The tiny houses village project is formally known as the Housing First Project, indicating that it is in line with the philosophy that housing is a primary need, which must be provided in order to effectively address substance abuse, mental illness, or any other conditions homeless people may suffer from. Though RCS would be the lead entity, a variety of local agencies and non-profits would participate through memorandums of understanding.
RCS originally planned to build the village on a site on Orr Street in Ukiah, which was owned by the St. Peter Eastern Catholic Church. That property is in a special overlay zone, where homeless shelters operate by right, which means they don’t need to go through an often time-consuming use permit approval process. Then, because the grant money is federal, RCS’s proposal had to undergo lengthy environmental review. Then, before the project was completely in the bag, the church sold the property, and RCS had to start all over again.
Meanwhile, the temporary homeless shelter opened on December 15. That shelter is at 1045 S. State St., at a commercial property owned by Robert Gitlin. The building is not in the overlay zone, so opening it required going through the process of obtaining a major use permit.

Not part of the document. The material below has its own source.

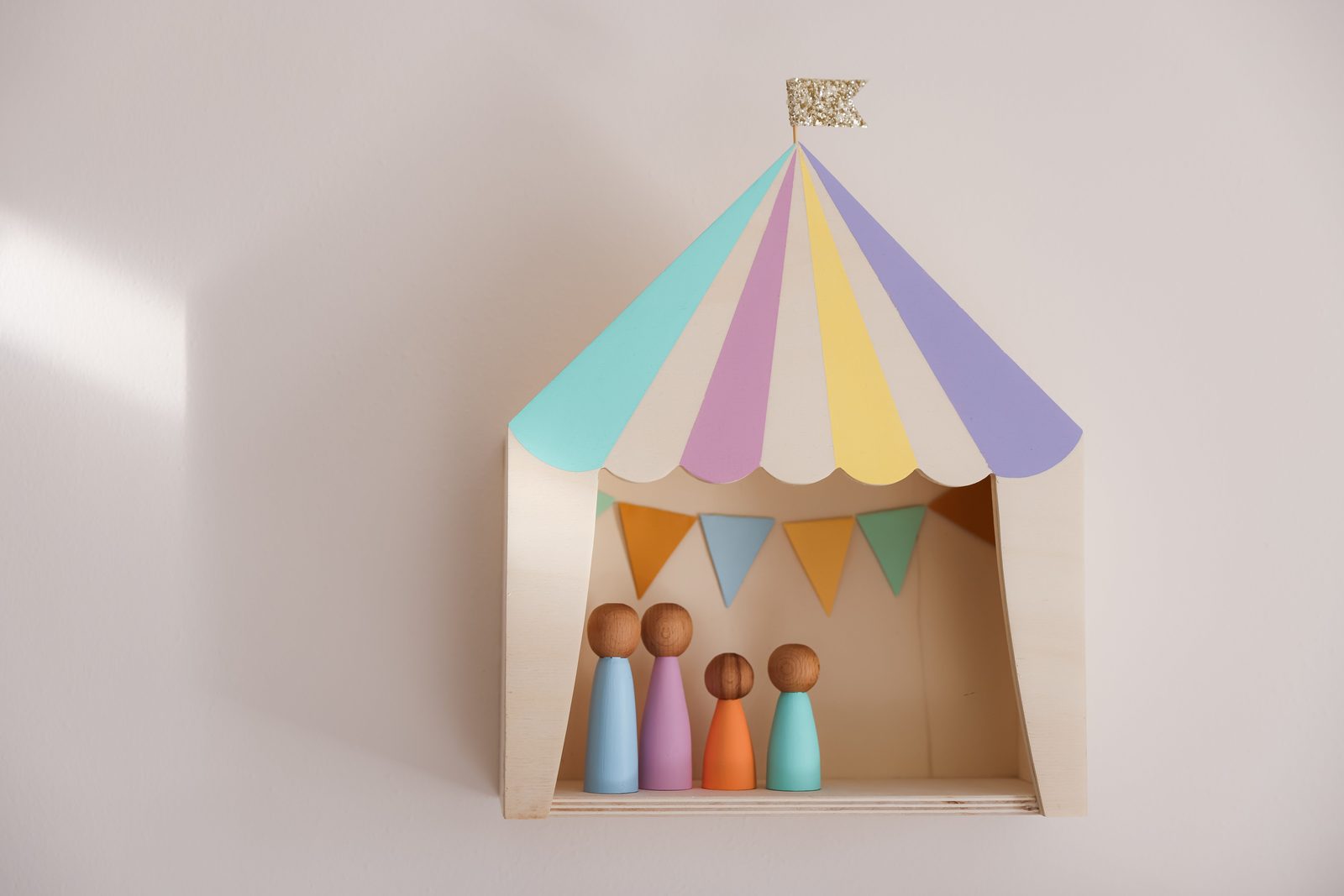 Small wooden peg figures standing inside a colourful toy tent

Schraeder said the remodel could start as early as January or February, if work can be done without disrupting the operation of the current temporary shelter, which will still be operating on that property, and may be open through April — if funding allows.
But, in the words of Fifth District Supervisor Dan Hamburg, “Where is the money for the actual housing units?”
“Phase II really will be a new conversation,” Schraeder replied. Sage Wolf, an RCS analyst, reminded the board that the original plan for the tiny houses village relied on donations from the community and local businesses to build the miniature housing units. Anne Molgaard, Chief Operating Officer for the Health and Human Services Agency, also said that her department has applied for two grants to fund the project, though she said she does not yet know how much money is available.
Fourth District Supervisor Dan Gjerde asked if Schraeder and others were monitoring the situation regarding federal financing for social services, observing that, “Funding streams may well change as a result of the [presidential] election.”
Referring to the federal funds, which have already been awarded, Schraeder agreed that, “This funding stream clearly is one-time. How we look at funding in the future, frankly, all bets are off, and I think we all know that.” But, she concluded, “the issue is going to be our problem, whether the sky falls or not.”